Unlike their tilts with the Ducks and Blue Jackets, Cassidy didn’t need to rely on his penalty kill in the final moments of Monday’s tilt with the Kings. But unlike Saturday’s shootout win in Columbus, the Bruins couldn’t overcome their latest miscue with under a minute left in regulation.
“If you look at the segment of the last two weeks, [the collapses] have happened too often,” Smith said after notching his fifth goal in his last three games. “There are two things you can do. You can be pissed about it, which we are right now, but we’ve got to take the next step forward… make the corrections and make sure we’re tightening up. It’s all things we can fix, and we have the people to do it.”
The Bruins didn’t have a letdown in effort in their first game back from a long road trip. But they let their guard down again and got the ending they deserved.

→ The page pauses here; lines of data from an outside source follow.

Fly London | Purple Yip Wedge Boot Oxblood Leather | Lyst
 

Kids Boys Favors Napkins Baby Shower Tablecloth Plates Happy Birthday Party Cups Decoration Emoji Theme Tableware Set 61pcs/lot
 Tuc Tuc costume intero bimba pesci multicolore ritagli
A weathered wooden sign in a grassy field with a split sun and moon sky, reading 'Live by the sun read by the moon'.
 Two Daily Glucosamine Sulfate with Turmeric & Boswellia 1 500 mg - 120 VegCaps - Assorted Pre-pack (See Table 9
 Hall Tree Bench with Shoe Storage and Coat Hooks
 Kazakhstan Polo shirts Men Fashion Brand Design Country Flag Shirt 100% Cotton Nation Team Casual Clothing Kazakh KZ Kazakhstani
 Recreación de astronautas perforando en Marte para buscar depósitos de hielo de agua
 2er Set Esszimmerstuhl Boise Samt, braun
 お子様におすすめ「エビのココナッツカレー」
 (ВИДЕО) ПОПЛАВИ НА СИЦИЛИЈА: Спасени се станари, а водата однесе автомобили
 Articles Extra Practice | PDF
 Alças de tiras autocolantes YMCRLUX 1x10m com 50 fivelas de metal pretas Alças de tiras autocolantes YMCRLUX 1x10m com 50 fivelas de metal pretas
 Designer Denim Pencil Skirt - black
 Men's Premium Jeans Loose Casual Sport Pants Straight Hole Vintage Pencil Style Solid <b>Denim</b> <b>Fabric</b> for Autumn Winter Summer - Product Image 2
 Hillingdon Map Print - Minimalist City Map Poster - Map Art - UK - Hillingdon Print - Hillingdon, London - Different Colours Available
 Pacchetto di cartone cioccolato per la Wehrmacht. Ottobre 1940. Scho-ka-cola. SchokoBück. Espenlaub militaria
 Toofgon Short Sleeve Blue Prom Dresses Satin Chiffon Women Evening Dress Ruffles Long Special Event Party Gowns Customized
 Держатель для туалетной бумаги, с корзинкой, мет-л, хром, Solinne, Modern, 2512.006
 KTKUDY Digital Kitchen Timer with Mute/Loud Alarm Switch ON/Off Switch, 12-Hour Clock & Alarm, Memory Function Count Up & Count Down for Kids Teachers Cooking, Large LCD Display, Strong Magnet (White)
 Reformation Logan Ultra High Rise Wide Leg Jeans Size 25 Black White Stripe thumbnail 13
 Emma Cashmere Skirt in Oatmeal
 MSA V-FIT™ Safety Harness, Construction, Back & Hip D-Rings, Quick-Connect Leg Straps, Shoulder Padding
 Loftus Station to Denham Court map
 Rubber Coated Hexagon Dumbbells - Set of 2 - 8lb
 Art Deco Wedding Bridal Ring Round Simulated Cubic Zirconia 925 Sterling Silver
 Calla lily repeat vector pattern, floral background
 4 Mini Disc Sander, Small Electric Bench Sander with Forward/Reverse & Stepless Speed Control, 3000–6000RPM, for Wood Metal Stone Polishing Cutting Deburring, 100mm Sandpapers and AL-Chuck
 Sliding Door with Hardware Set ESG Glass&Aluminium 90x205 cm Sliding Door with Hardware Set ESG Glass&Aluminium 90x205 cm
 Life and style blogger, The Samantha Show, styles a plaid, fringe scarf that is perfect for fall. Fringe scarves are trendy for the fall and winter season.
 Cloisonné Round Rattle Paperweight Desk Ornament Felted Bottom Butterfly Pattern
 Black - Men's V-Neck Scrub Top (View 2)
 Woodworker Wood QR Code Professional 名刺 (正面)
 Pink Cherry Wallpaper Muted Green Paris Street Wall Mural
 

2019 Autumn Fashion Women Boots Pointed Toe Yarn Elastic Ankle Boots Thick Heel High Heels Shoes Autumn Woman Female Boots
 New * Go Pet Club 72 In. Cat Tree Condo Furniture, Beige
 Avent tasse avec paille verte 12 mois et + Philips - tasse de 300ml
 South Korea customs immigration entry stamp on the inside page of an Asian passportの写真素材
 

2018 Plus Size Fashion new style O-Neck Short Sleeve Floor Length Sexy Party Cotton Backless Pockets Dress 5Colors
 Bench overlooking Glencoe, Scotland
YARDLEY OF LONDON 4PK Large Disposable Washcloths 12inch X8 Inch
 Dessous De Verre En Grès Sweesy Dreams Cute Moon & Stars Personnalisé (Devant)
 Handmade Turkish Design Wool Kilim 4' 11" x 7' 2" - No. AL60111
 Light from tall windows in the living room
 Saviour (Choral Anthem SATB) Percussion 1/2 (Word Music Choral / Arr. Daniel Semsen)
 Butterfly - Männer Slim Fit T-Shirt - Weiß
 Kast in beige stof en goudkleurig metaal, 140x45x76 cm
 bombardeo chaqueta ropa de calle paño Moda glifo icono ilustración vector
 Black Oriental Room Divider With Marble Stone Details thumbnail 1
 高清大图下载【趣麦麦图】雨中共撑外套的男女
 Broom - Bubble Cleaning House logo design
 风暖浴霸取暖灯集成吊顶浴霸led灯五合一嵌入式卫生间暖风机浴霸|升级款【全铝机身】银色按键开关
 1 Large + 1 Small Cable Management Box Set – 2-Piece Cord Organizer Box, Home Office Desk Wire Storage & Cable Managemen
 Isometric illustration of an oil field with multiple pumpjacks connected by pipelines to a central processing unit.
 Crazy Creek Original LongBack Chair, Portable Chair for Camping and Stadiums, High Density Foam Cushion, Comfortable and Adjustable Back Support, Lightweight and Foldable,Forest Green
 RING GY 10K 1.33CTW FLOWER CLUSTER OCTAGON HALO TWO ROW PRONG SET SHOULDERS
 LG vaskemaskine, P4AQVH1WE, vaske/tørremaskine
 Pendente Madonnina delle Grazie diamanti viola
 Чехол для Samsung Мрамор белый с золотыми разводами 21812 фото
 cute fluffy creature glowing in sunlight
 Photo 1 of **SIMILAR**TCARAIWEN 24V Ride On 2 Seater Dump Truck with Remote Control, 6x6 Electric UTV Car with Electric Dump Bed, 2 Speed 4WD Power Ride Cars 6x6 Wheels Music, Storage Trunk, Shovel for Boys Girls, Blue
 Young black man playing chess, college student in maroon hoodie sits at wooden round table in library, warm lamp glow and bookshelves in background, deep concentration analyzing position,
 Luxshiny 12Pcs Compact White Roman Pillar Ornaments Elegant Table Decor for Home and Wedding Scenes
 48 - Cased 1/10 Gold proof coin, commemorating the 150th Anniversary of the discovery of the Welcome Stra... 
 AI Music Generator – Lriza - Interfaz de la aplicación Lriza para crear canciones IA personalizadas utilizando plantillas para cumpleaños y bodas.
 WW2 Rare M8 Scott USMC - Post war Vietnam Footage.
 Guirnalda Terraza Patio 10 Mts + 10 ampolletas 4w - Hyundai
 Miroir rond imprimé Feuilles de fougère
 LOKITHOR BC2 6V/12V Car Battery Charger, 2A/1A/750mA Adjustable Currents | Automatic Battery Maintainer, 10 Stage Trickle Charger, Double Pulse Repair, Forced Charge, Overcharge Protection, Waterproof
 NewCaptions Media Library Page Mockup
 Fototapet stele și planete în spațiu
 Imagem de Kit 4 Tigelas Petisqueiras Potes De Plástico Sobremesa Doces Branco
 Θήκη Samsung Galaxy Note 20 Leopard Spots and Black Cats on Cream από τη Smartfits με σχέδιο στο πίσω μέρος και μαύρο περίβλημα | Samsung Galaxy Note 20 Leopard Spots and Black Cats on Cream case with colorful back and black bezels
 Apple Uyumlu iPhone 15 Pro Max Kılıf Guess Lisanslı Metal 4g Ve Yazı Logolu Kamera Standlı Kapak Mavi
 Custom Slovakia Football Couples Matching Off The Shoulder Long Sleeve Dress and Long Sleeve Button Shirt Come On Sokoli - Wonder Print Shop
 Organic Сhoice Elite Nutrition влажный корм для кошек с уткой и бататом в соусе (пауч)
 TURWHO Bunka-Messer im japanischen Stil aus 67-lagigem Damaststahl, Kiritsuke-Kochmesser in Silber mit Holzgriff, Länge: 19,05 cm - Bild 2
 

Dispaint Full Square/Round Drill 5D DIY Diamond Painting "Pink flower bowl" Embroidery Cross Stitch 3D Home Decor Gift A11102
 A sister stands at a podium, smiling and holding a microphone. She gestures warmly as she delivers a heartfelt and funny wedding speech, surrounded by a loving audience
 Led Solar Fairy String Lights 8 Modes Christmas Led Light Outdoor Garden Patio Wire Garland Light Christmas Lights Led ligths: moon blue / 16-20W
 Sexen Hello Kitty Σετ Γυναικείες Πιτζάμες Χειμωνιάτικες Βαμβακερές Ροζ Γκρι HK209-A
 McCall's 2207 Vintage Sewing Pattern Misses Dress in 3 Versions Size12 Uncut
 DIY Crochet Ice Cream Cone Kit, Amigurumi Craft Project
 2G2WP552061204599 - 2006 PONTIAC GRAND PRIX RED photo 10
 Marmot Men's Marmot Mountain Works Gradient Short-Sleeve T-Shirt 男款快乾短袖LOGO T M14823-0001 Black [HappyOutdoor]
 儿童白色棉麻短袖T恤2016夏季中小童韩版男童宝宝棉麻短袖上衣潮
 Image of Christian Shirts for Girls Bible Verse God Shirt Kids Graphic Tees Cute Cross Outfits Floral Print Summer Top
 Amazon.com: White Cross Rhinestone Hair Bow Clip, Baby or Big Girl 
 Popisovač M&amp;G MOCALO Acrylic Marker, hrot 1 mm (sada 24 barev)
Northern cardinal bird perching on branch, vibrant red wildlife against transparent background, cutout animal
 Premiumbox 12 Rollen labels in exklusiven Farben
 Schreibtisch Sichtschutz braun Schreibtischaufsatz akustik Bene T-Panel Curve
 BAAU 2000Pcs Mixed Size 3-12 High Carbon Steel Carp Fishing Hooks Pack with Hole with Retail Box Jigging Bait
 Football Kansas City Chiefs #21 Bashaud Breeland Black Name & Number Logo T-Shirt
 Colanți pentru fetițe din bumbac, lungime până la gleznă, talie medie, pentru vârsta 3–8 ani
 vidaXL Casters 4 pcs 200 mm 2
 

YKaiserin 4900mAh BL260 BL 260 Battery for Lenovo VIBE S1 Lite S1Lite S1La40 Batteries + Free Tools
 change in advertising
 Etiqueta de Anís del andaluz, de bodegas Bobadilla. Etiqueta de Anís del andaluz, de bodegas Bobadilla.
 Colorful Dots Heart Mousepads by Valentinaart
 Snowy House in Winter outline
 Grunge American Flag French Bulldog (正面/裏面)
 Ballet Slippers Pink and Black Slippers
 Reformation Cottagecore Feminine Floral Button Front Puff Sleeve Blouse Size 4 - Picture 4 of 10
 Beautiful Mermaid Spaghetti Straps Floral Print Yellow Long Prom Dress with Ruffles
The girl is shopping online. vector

Ullmark is embracing his role behind Jeremy Swayman
Swayman may have solidified the No. 1 spot in net after his stellar play since returning to Boston on the heels of Tuukka Rask’s retirement. Given Swayman’s recent run, the Bruins have positioned Ullmark in a de facto 1B role.
With Rask’s uncertain future and Swayman’s brief but stellar start to his NHL career, the Bruins inked Ullmark to a four-year deal worth $5 million per year last off-season. He’s provided mixed results in his first year in Boston but has performed better in the second half of the 2021-22 campaign. Swayman’s ascension, however, has limited Ullmark’s playing time of late.
The Bruins tabbed Ullmark for Monday’s start after Swayman manned the Boston net for the final two games of the road trip.
Ullmark couldn’t quite close the gap on Blake Lizotte’s first-period marker — a mere 1:09 after Trent Frederic gave the Bruins a 1-0 lead. He made up for it with a pair of flashy glove saves in the second period on Adrian Kempe and again on Kopitar’s overtime bid.
The Ullmark-Swayman tandem provided a solid transition from the Tuukka Rask era. The two have embraced each other’s company with their postgame victory hugs providing heartwarming moments.
Ullmark still has opportunities to shine entering the home stretch. But he couldn’t be happier for Swayman’s success.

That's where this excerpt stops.